- Directed by: Daniel McNicoll
- Produced by: Erica Black Daniel McNicoll
- Starring: Viggo Mortensen Karl Urban Bob Anderson
- Narrated by: John Rhys-Davies
- Music by: David James Nielsen
- Distributed by: Galatia Films Home Entertainment (US)
- Release date: July 7, 2009;
- Running time: 78 minutes
- Country: United States
- Language: English

= Reclaiming the Blade =

Reclaiming the Blade is a 2009 documentary written and directed by Daniel McNicoll and produced by Galatia Films on the topic of swords. Reclaiming the Blade was a number one movie rental on iTunes. The feature-length film was distributed by Starz and Anchor Bay Entertainment.

Notable interviewees from the film industry include Viggo Mortensen, Karl Urban, Richard Taylor, and Hollywood sword master Bob Anderson (fencing instructor to Errol Flynn, Antonio Banderas, Mortensen, Urban and Johnny Depp among others). Interviewed as an expert on swordmaking was bladesmith Paul Champagne.

Narration is by British actor John Rhys-Davies. The documentary was produced with the support of Peter Jackson, Weta Workshop, Skywalker Sound and the Royal Armouries.

The soundtrack for the film, which included major label artists and an orchestral score from David James Nielsen, was released on Lakeshore Records. Commentary track from director Daniel McNicoll and John Rhys-Davies included details on the making of the film and Rhys-Davies experiences with swordplay on the London stage.

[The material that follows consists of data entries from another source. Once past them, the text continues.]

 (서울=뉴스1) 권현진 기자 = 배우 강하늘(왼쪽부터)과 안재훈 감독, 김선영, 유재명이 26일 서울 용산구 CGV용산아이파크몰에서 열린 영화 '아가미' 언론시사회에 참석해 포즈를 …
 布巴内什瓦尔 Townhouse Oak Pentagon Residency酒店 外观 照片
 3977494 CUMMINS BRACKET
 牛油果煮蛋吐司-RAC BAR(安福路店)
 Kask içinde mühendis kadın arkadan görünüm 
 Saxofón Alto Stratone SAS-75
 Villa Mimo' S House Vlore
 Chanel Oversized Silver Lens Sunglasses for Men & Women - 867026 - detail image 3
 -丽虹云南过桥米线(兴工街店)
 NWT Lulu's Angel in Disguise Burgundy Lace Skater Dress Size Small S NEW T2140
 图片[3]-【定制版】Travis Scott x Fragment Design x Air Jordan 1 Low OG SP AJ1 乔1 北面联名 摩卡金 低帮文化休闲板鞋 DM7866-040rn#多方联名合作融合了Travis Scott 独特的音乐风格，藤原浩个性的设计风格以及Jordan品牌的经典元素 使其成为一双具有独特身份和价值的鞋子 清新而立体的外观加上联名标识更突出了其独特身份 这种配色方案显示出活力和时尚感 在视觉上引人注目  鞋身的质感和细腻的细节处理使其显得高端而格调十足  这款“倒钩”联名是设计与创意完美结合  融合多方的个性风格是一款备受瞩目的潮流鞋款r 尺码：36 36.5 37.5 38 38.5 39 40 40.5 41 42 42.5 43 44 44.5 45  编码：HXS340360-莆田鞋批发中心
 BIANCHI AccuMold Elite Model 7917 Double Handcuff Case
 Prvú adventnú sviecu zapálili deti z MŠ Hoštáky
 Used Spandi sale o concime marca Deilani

Seven Western martial arts (WMA) groups located in five countries in Europe provide footage for Reclaiming the Blade: Arts of Mars (Germany), Boar's Tooth Fight School (UK), De Taille et d'Estoc (France), Ringschule Wrocław, ARMA-PL (Poland), Schola Gladiatoria (UK), Stockholm's Historical Fencing Society (Sweden), The School of Traditional Medieval Fencing (UK).

== Critical response ==
The New York Post said, "Hardcore gamers into cyber swordplay — or any Lord of the Rings geeks out there, for that matter — ought to check out the interesting new documentary film" and that it was "an in-depth documentary on the culture and craft of swords and their role in entertainment". The Association for Renaissance Martial Arts said, "This is an unprecedented effort very well put together, entertaining as well as informative." But felt it "doesn't fully portray the fact that the legitimate revival of historical European fencing actually requires acknowledging the need for 'reclaiming the blade' from the usual suspects... stunt fencing, sport game, and escapist role-play." Marina Antunes on RowThree.com said, "What begins as a look at the art of the sword on film quickly transforms into a history lesson on the loss, the find and the eventual re-emergence and rise of traditional western martial arts, an art form that had been lost for centuries." Adding it is "an informative, engaging and entertaining documentary that sheds light on a subject that most of us see constantly but know nothing about".